The Cloud Data Fabric functionality lets you:

  • Move your cold (infrequently accessed) data to a central archive cluster and then provide access to this data by using a portal on the original cluster.

    The active workload clusters can reclaim most of the data set capacity that was tiered to the data archive cluster. This makes it possible to access all of the data as before, while using only the capacity on the active workload clusters for the data that your system reads through the portal.

  • Serve specific archive capacity and performance needs by scaling the archive cluster independently of any active workflow clusters.

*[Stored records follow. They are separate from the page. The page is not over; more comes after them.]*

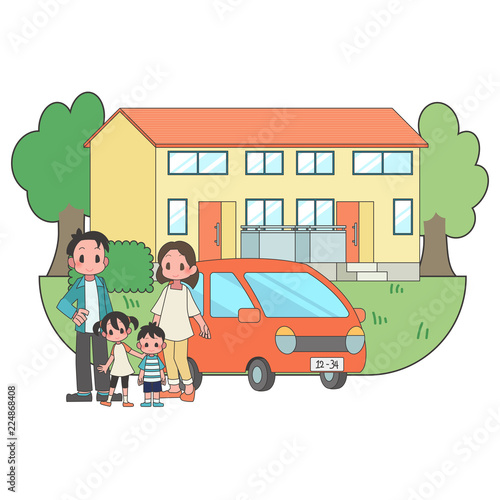 2世帯家族　住宅　車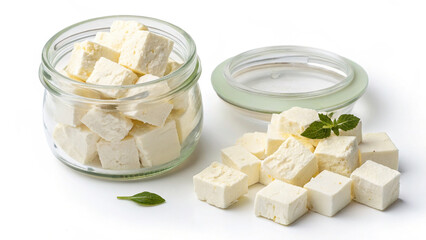 Feta cheese cubes in jar with fresh herbs arranged beautifully for culinary displays. Feta cheese is a versatile ingredient for healthy dishes, offering rich flavor and creamy texture.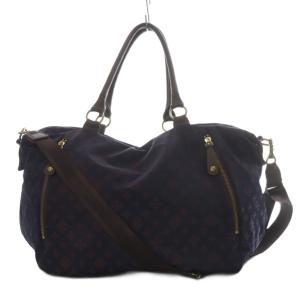 トートバッグ ショルダーバッグ 2way 斜め掛け モノグラム 総柄 ナイロン ネイビー /YO21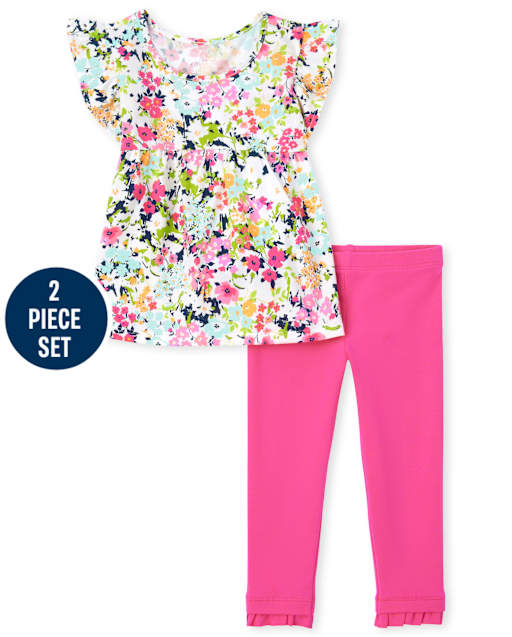 Toddler Girls Floral Empire Ruffle 2-Piece Set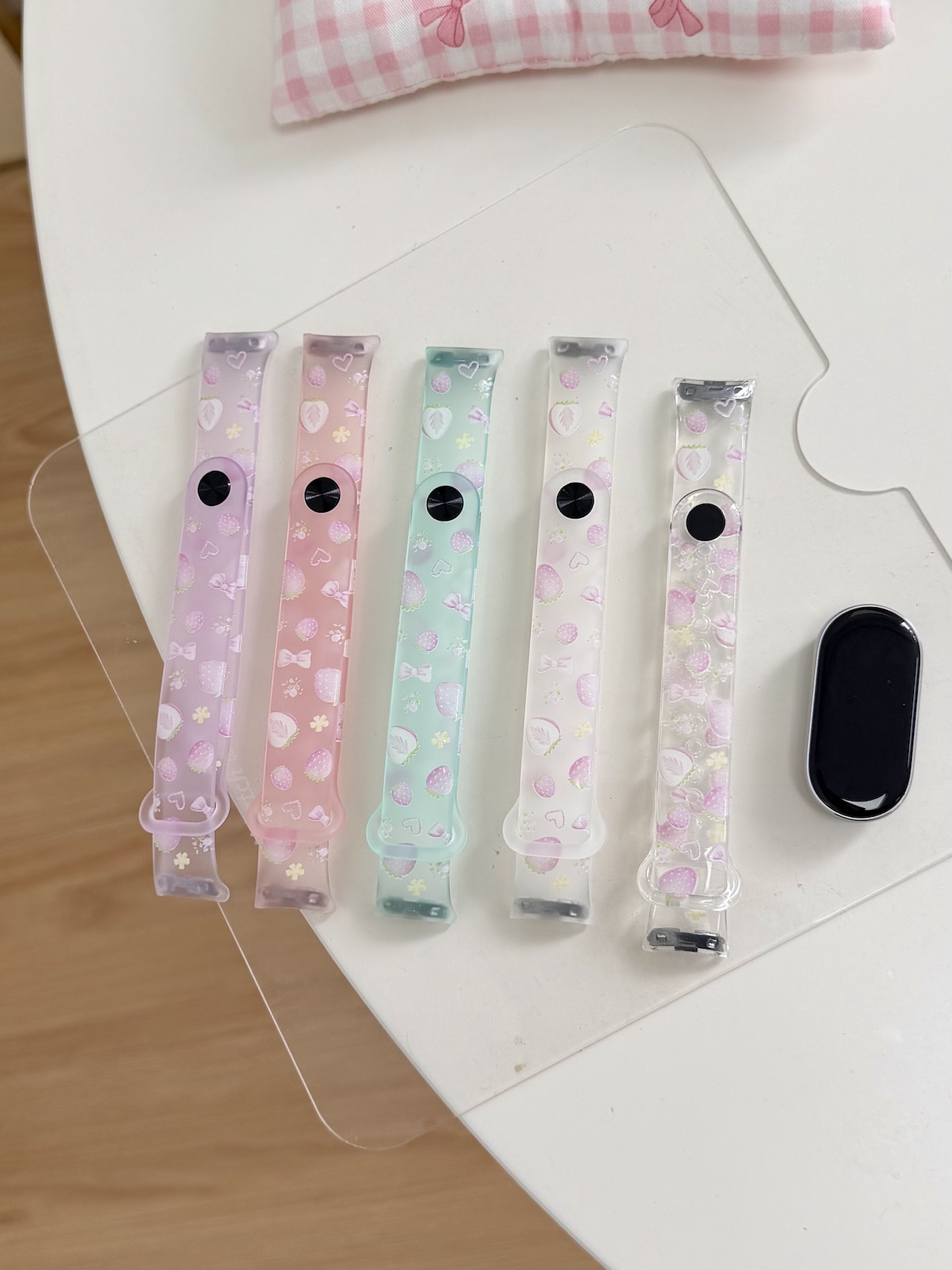 Watch Smartwatch Android - Super süßer TPU-Armband mit Erdbeer-Schleifen-Print, passend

Known Limitations of the Cloud Data Fabric Functionality in Qumulo Core

General

  • Currently, it is possible to configure and manage Cloud Data Fabric functionality only by using the qq CLI.

File System

  • A Qumulo cluster can be a portal host for any number of hub portals or for a single spoke portal. It isn't possible for a Qumulo cluster to be a host for spoke and hub portals simultaneously.
  • While Qumulo Core doesn’t support hard links between the files local to the spoke portal host cluster and files within the spoke portal root directory, it does support hard links entirely outside or inside the spoke portal root directory.

Data Caching

  • Although first-time data access to data in a portal root directory is subject to round-trip latency between the spoke portal host cluster and the hub portal host cluster, subsequent access to the data is faster. Making changes to data under a portal root directory is also subject to latency when the system recaches these changes upon access.
  • The cache of a spoke portal is inherently ephemeral. You must not use it in place of data replication or backup.

Portal Connectivity

  • For a spoke portal to be accessible, there must be full connectivity between the two clusters in a portal relationship, without which files or directories with outstanding modifications on one portal are inaccessible on other portals.
  • A spoke portal is inaccessible if the hub portal host cluster and the spoke portal host cluster run different versions of Qumulo Core.

Protocols

S3

  • It isn't possible to create a spoke portal on a cluster with the S3 protocol enabled or to enable this protocol on an existing spoke portal host cluster.

NFS

  • While NFSv3 is a stateless protocol, NFSv4.1 is a stateful protocol which permits open file handles to remain open after a file is unlinked. However, Qumulo Core doesn’t always maintain access to files deleted from a portal in a relationship. For example, if you open a file on the spoke portal host cluster and then delete the same file on the hub portal host cluster, an application that uses the file on the spoke portal host cluster will lose access to the file unexpectedly.
  • When you authenticate over NFSv4.1 by using Kerberos, you can use Kerberos principals only from the Active Directory domain associated with the Qumulo cluster to which you are connected. It isn’t possible to use principals from a remote Qumulo cluster.”
  • When you edit ACLs over NFSv4.1 by using editfacl or similar tools, you can use only Kerberos principals from the Active Directory domain associated with the Qumulo cluster to which you are connected. It isn’t possible to use principals from a remote Qumulo cluster.
  • Protocol locks don't synchronize between the hub portal host cluster and the spoke portal host cluster. Specifically, NFSv3 or NLM byte-range locks, NFSv4.1 locking operations, SMB share-mode locks, SMB byte-range locks, and SMB leases function independently on the two clusters. For example, while two exclusive locks on the same spoke portal host cluster contend with each each other, an exclusive lock on a spoke portal host cluster doesn’t contend with an exclusive lock on the hub portal host cluster.